Throughout
Harlem Renaissance literature there is a strong focus on the issues presented
by black motherhood. Some works, like
Alice Dunbar-Nelson's essay
"Woman's Most Serious Problem," point out the necessity of
motherhood. Dunbar-Nelson uses alarming
statistics about birth rates to make her point.
It seems more often the case, however, that motherhood in the black
community is portrayed negatively. Often
mothers are put in precarious situations and forced to watch as their children
are treated unfairly and violently by white dominated society. Being injured or killed for simply being who
you are is something that no mother wants to see for her child, and causes
negative feelings towards the idea of having children. Richard Wright's "Bright and Morning
Star" illustrates the constant worry faced by a mother, and the way in
which she struggles to protect her children.

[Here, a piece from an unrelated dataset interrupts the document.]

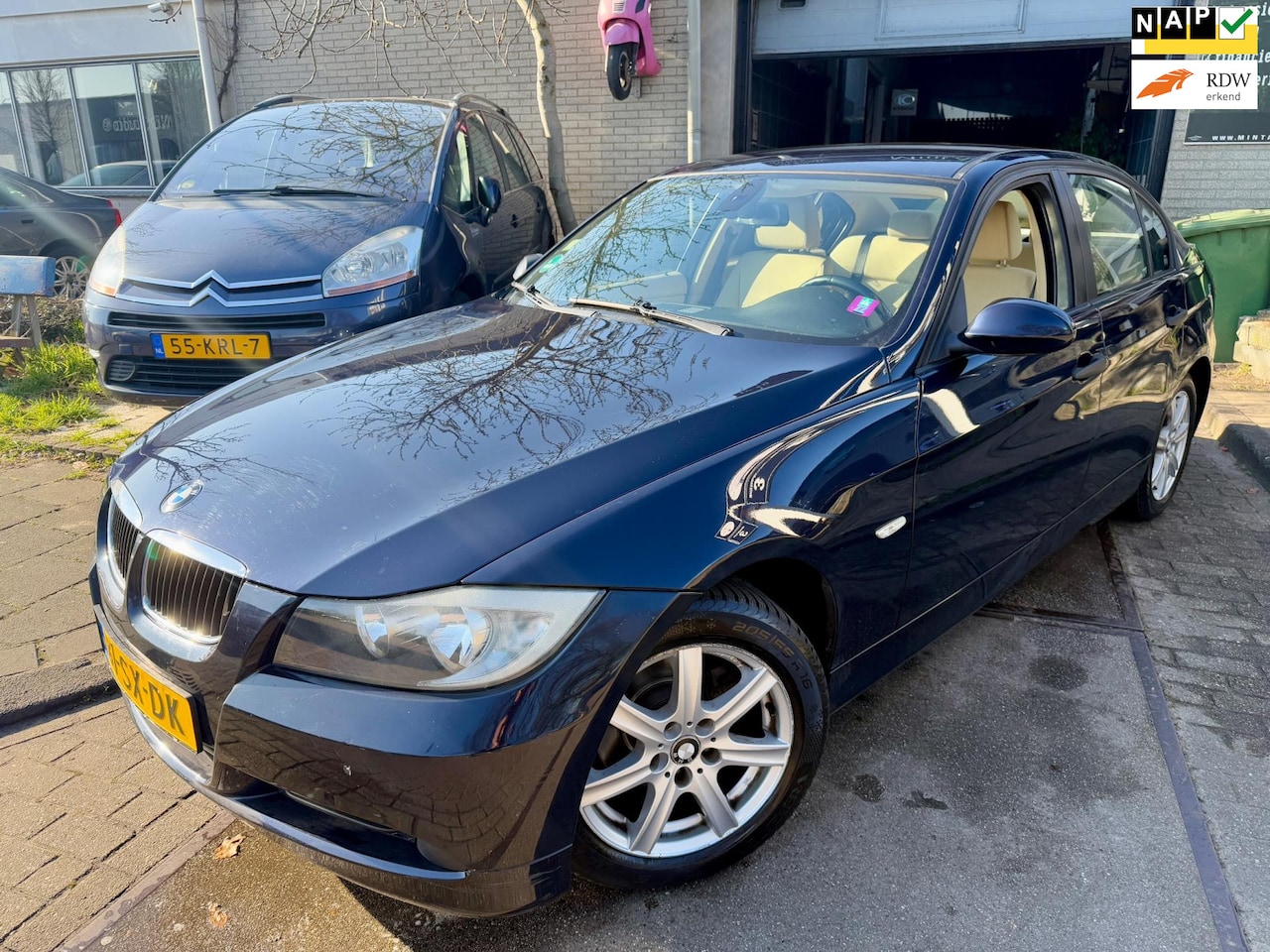 BMW 3-serie - 318i High Executive Apk|Automaat|Nw.Ketting - AutoWereld.nl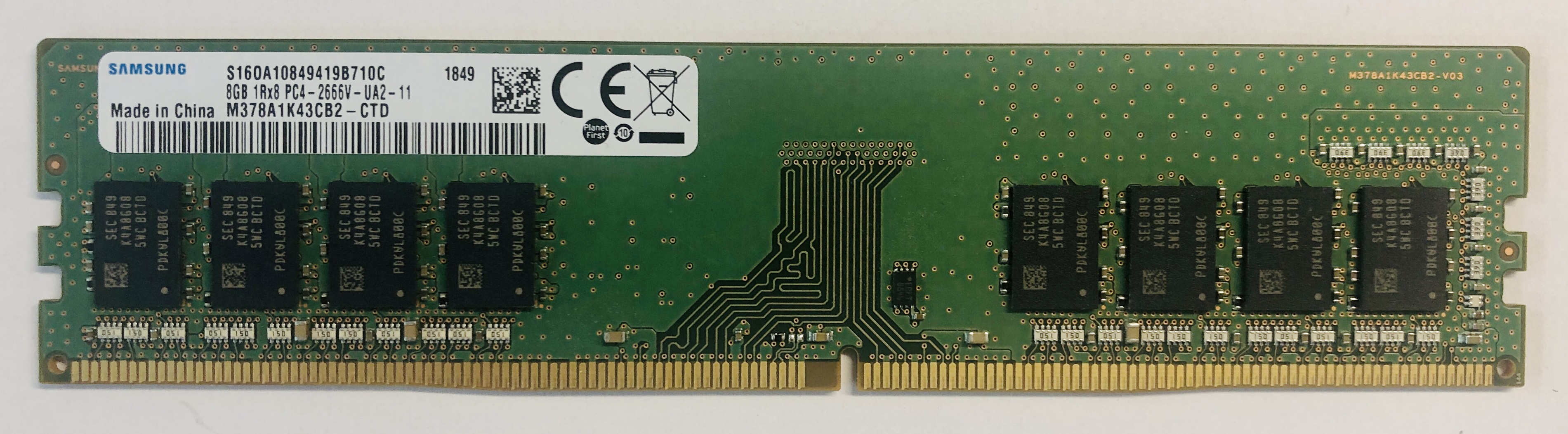 Samsung DDR4 RAM DIMM  8GB 1Rx8 2666MHz / PC4 21300 *gebraucht*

Wright takes great care to place Sue at the epicenter of the problems
faced by her son. Angelina Weld Grimké's
Rachel deals with motherhood by
showing the ways in which potential African American parents are discouraged
from having children because they perceive that bringing a black child into the
world is an act of cruelty. These works
come together to present an image of motherhood as unattractive to black women.
Wright's
"Bright and Morning Star" begins with Sue's worry and nervousness as
she waits for Johnny-Boy: "She sighed, troubling, Johnny-Boy's been
trampin in this slop all day wid no decent shoes on his feet" (75). This suggests that a black mother's fate is
to worry for her children because danger and hard times for them are inevitable. She forces herself into doing chores around
the house to take her mind off her son, but asks, "But how could she
forget Johnny-Boy out there on those wet fields . . . that was just what Sug
had been doing when the sheriff had caught him, beat him" (76). As she claims "Ah been a lil scared ever
since Sug went t jail" (76), she affirms that she lives in constant fear
for her children. She has already lost
one son and sees it as inevitable that she will lose another: "Sug was
gone and she didn't know just when Johnny-Boy would be taken too" (77). Sug's incarceration before the action even
begins suggests that the odds for these children are so slim that a mother with
two sons is likely to lose them both, whether they be lost to prison or
violence.
Just
as Sue worries about the fate of her children, Rachel worries about the fate of
her potential children. It is a worry
that Rachel acknowledges: "this is the way I should feel, if I were little
Jimmy's mother" (203). Referring to
women like Sue, Rachel claims, "everywhere, throughout the South, there
are hundreds of dark mothers who live in fear, terrible, suffocating fear,
whose rest by night is broken, and whose joy by day in their babies on their
hearts is three parts—pain" (203).
Judging from examples she sees around her, she seeks to avoid the
violence and incarceration that has plagued the children of women like
Sue. Her experience with violence comes
in the form of the tragic lynching of her father and brother. These past events shed light on the reason
that Rachel abandons her dream of having children. She does not wish for her own children to be
treated badly at school, nor can she imagine seeing them lynched. The unfortunate thing for Rachel is that she
sees constant reminders of the fate of black children. The young girl Ethel Lane is treated so
harshly in school that she is only able to stay for two weeks, and her worst
fears are realized as Jimmy comes home from school to ask her what the word
"nigger" means.
The
awful situations observed by these characters creates a pessimistic belief that
black children are doomed from birth.
There is little motivation to bring a child into the world who will be
hated, assaulted, and forced into the place of a second class citizen. Childbirth is complicated by the issue of how
hard it is to be an African American, as Rachel says "We are all
blighted" (225). It is a feeling
shared not only by mothers, as Tom says "how pathetic and tragic a thing —
a little colored child is?" (212).
He again refers to the idea that black children are doomed from birth
and have only pain to look forward to. Referring
to this belief, she asks Strong if he believes that it may sometimes be a
kindness to kill. She ponders whether "it
would be more merciful—to strangle the little things at birth" (203).
As
mothers, these women have the safety and well-being of their children in mind,
but society complicates this by making it harder to be a minority. Seeing the treatment of people of color
creates a hopeless feeling for the future of your children. Not having children may be a somewhat
pessimistic view, but the texts make valid statements about the tragedies a
black mother will have to endure should she decide to have children. While Sue serves to demonstrate the stress
that a mother is put through, Rachel represents the reasoning that goes into
having a child. These women clearly love
children, but Rachel sees not having children as an act of love. She wants to help her children preemptively by
not even having them. By keeping
children from the world entirely, she saves them the pain that comes from
living in a white dominated society.
Just as Tom claims in Rachel,
the difference between white and black children is stark: "Their children
shall grow up in hope; ours, in despair" (208). While whites are also among the persecuted in
"Bright and Morning Star," Johnny-Boy's punishment is made all the
more severe because he is a black man.
The difference between white parents and black parents becomes a wide
gap where white parents have hope for their children to grow up and be
successful, while black parents have despair.